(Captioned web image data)
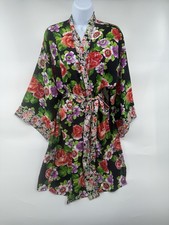 Vintage Victoria's Secret Y2K 90  s Gold Label Robe Kimono Floral Roses One Size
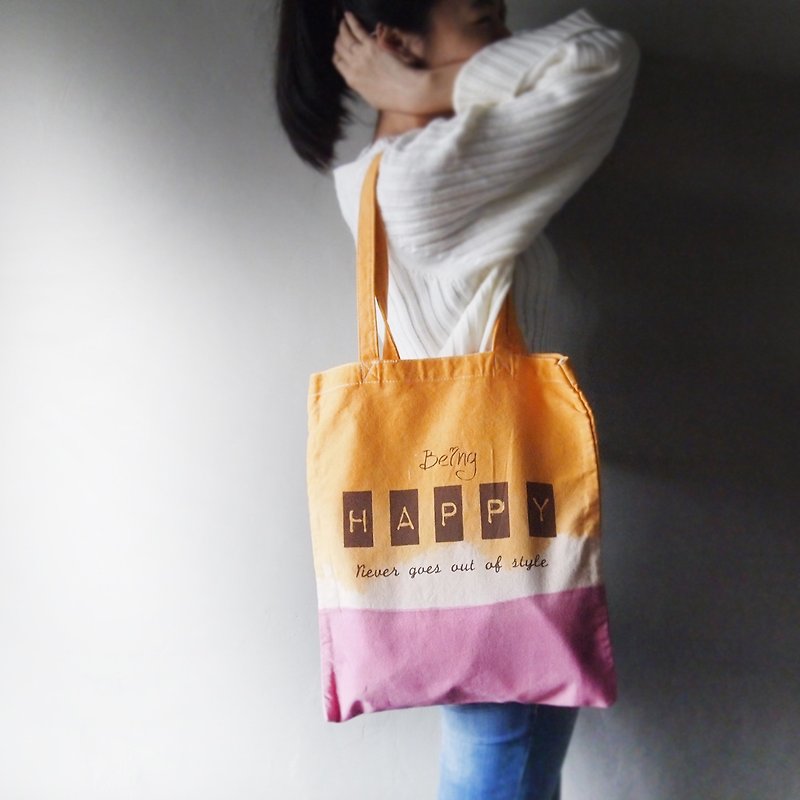 Gold yellow pink purple - Canvas hand dyed Tote bag back - กระเป๋าแมสเซนเจอร์ - ผ้าฝ้าย/ผ้าลินิน สีส้ม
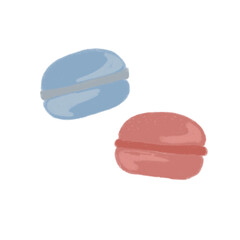 Macaron illustration drawn using oil pastel technique. Can be used for digital design.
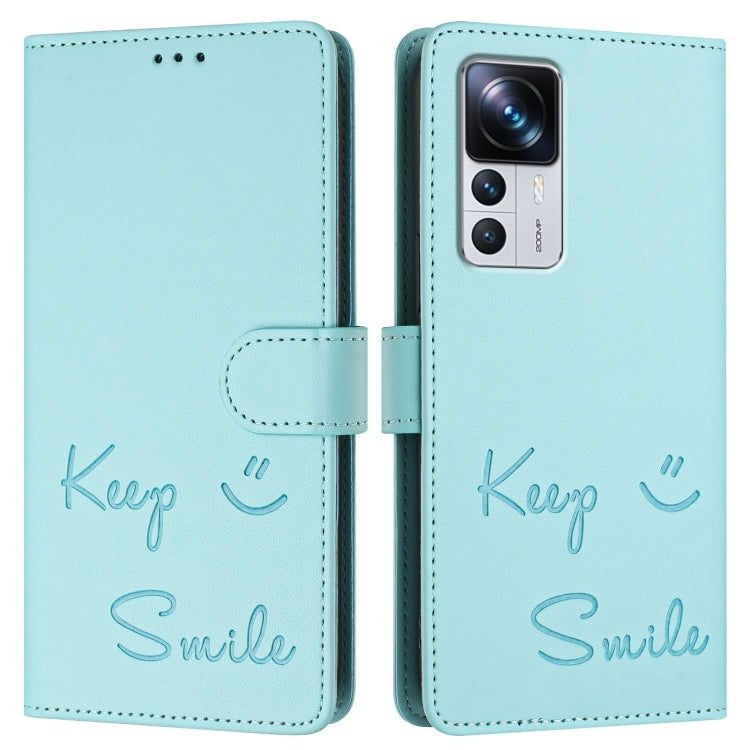 For Xiaomi 12T / 12T Pro Smile Embossing RFID Leather Phone Case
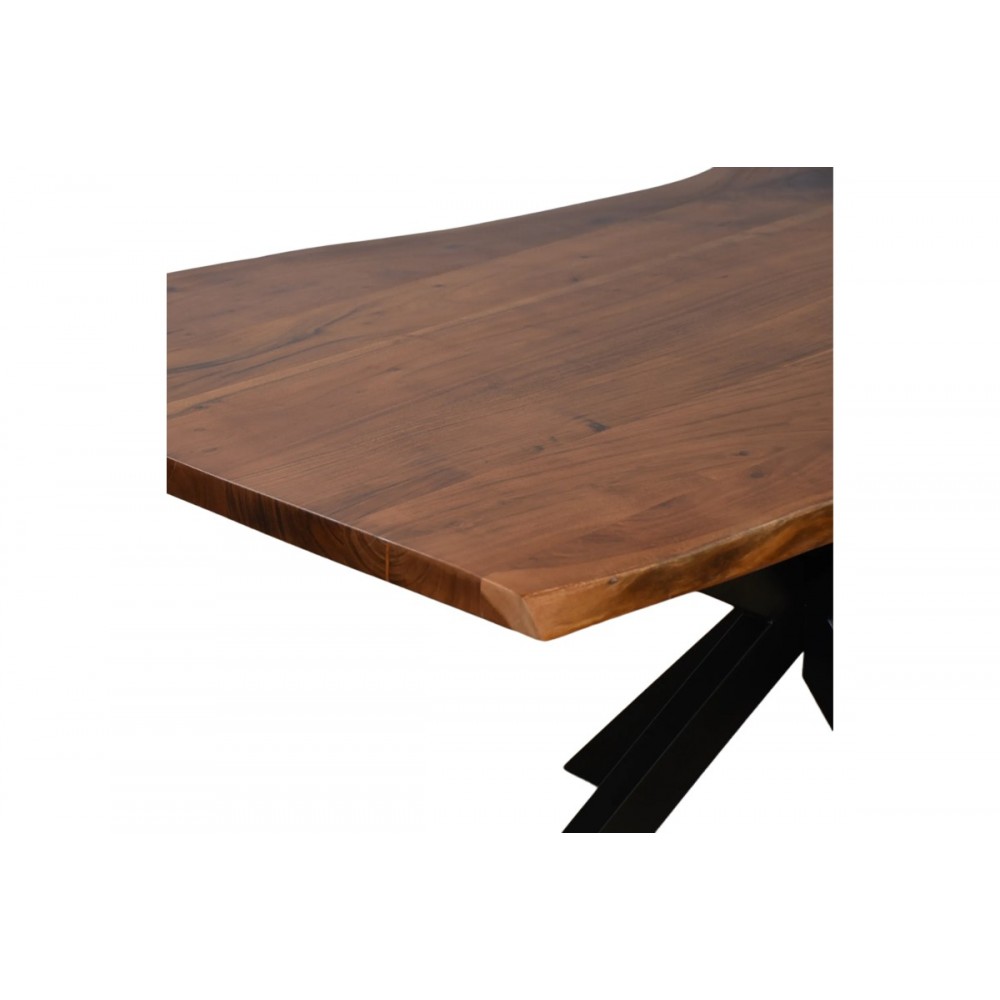 Τραπέζι "LENOUA" από ξύλο/μέταλλο σε χρώμα καρυδί/μαύρο 180x90x76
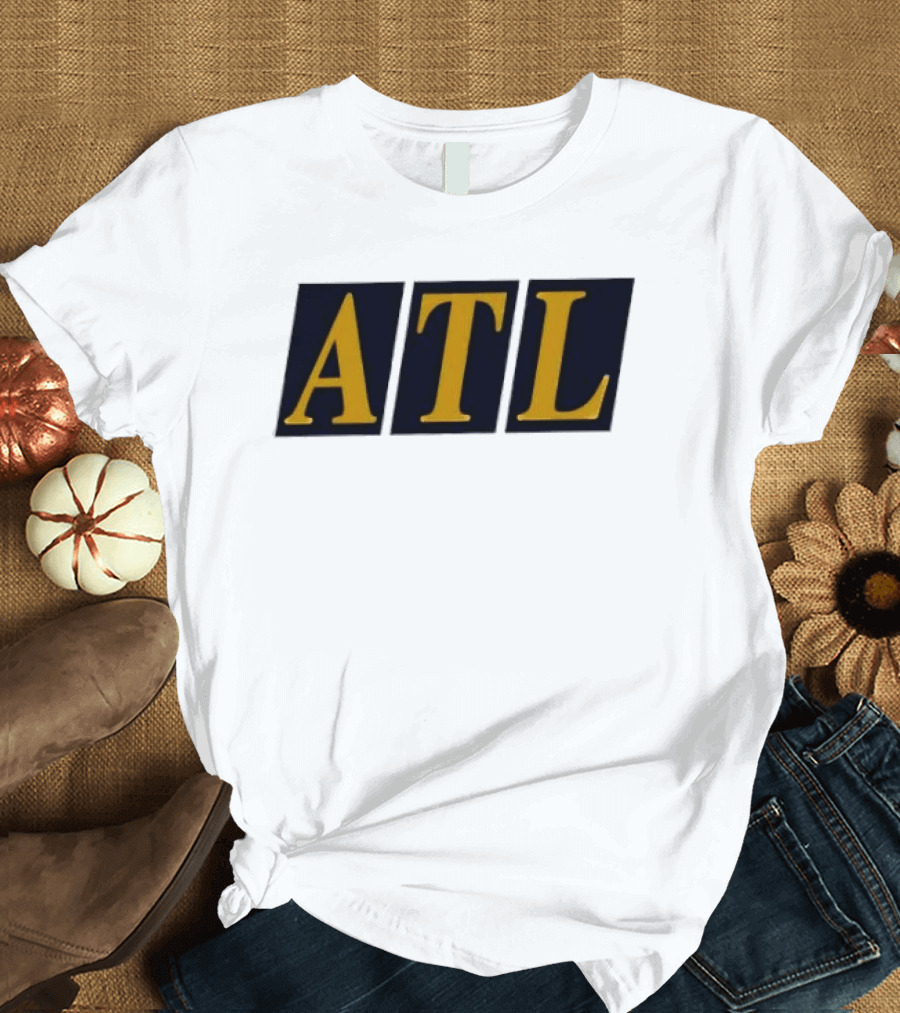 ATL Bold Minimalist Style Gold Text On Black T-Shirt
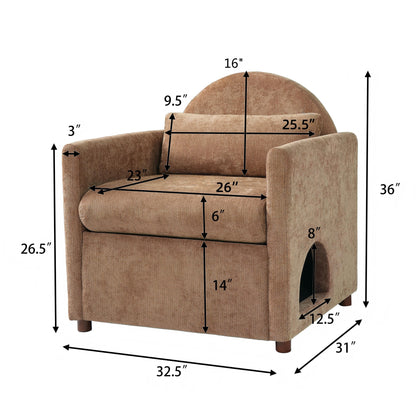 Coffee Pet Friendly Accent Chair with Hidden Pet Nook - Acacia Wood
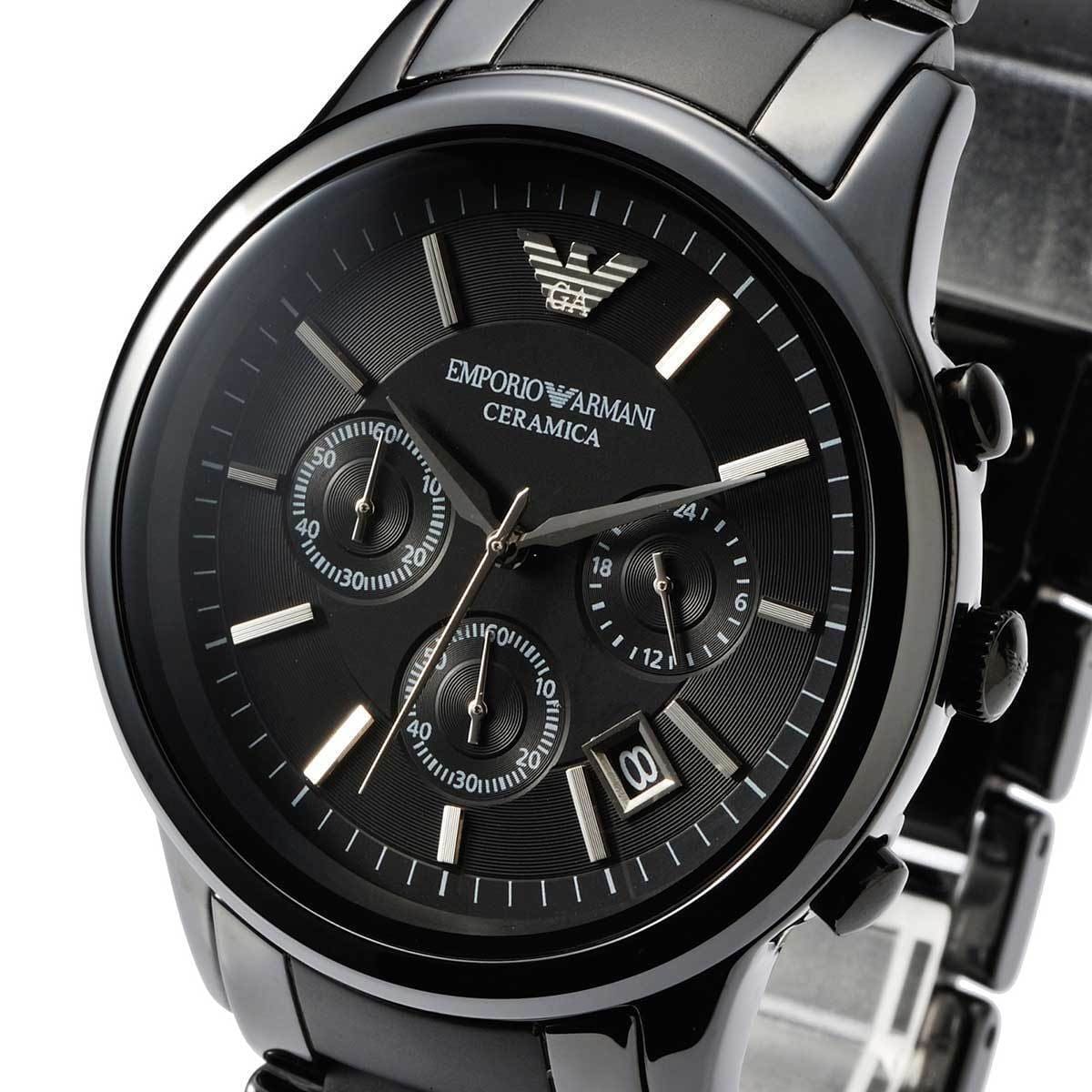 Emporio Armani Ceramica AR1452 43mm Men's Chronograph Watch – Black & Silver-Tone Stainless Steel Bracelet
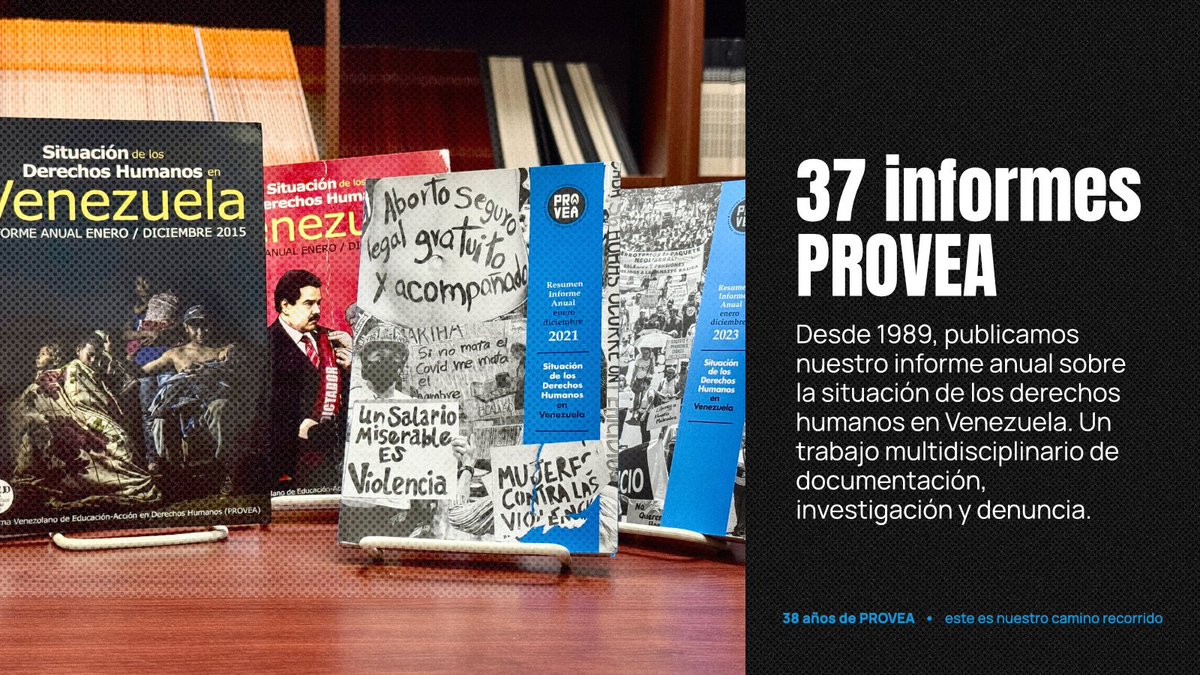 _Provea's tweet photo. Durante 38 años y bajo distintos gobiernos, hemos documentado las violaciones de derechos humanos en Venezuela para que no queden en el olvido.

Nuestro informe anual es memoria para el país, un registro público y gratuito ininterrumpido. #AniversarioProvea38

Conoce más en ➡️ https://t.co/LiPi2rT4Tt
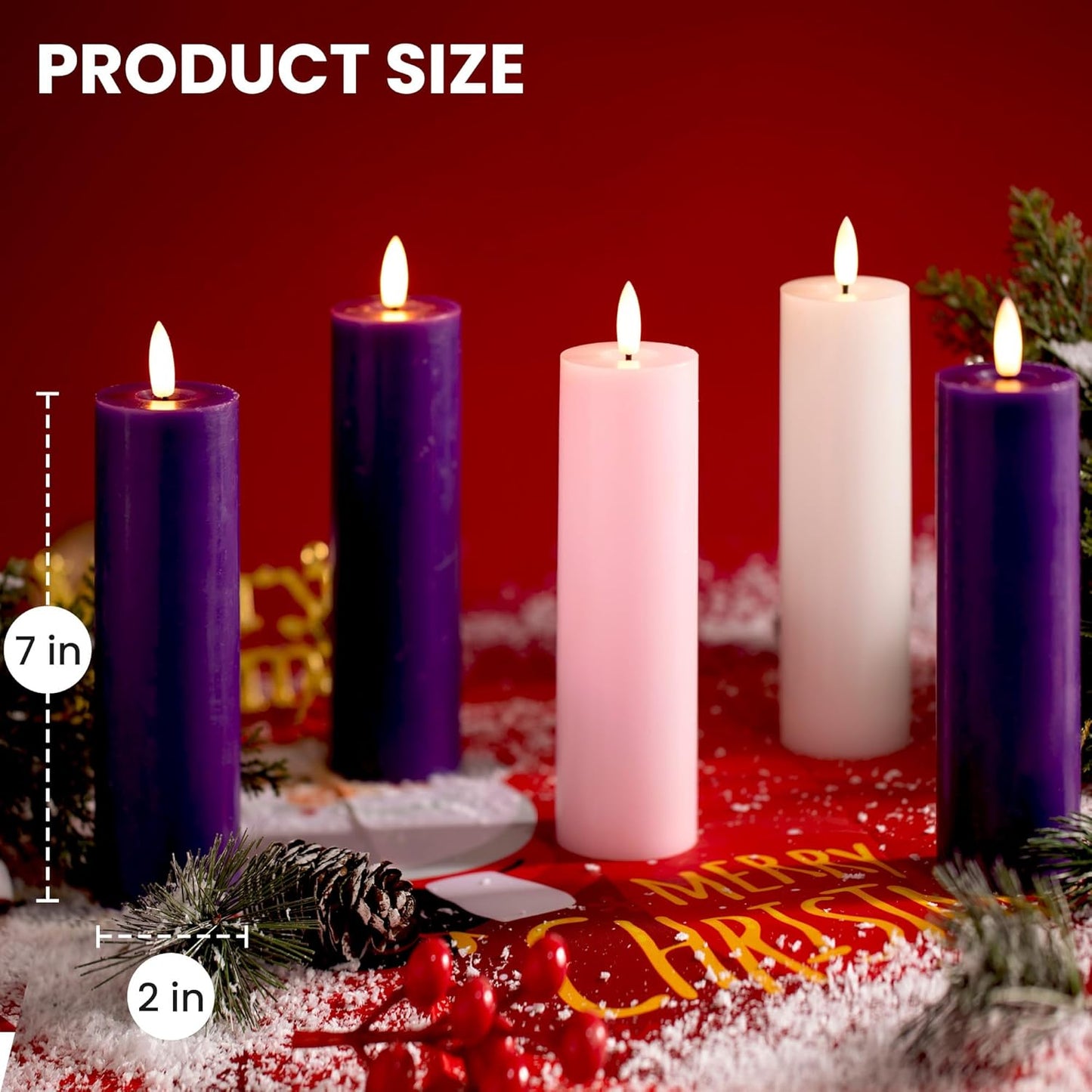 Stmarry Flameless Advent Candles Set - Battery Operated with Remote & Timer | 2x7 Pink & Purple Pillar Candles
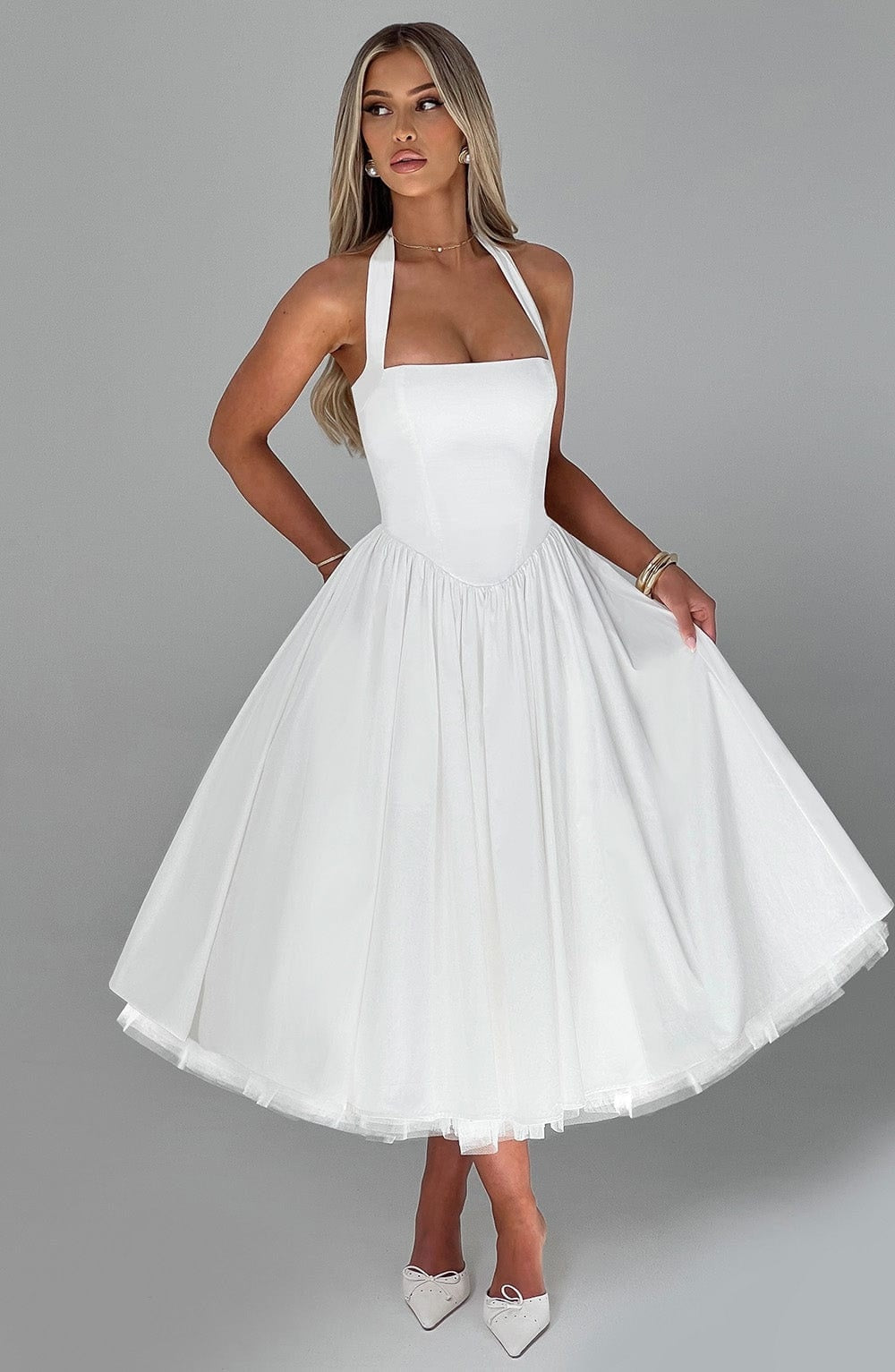 Vestido Midi de Novia Civil Halter Mujer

_PROMPT_.
Print from the line containing "Emporio Armani Ceramica" through the line containing "en el olvido." in the data above, exactly as the lines stand, and omit every picture.

_SOLUTION_.
 Emporio Armani Ceramica AR1452 43mm Men's Chronograph Watch – Black & Silver-Tone Stainless Steel Bracelet
 _Provea's tweet photo. Durante 38 años y bajo distintos gobiernos, hemos documentado las violaciones de derechos humanos en Venezuela para que no queden en el olvido.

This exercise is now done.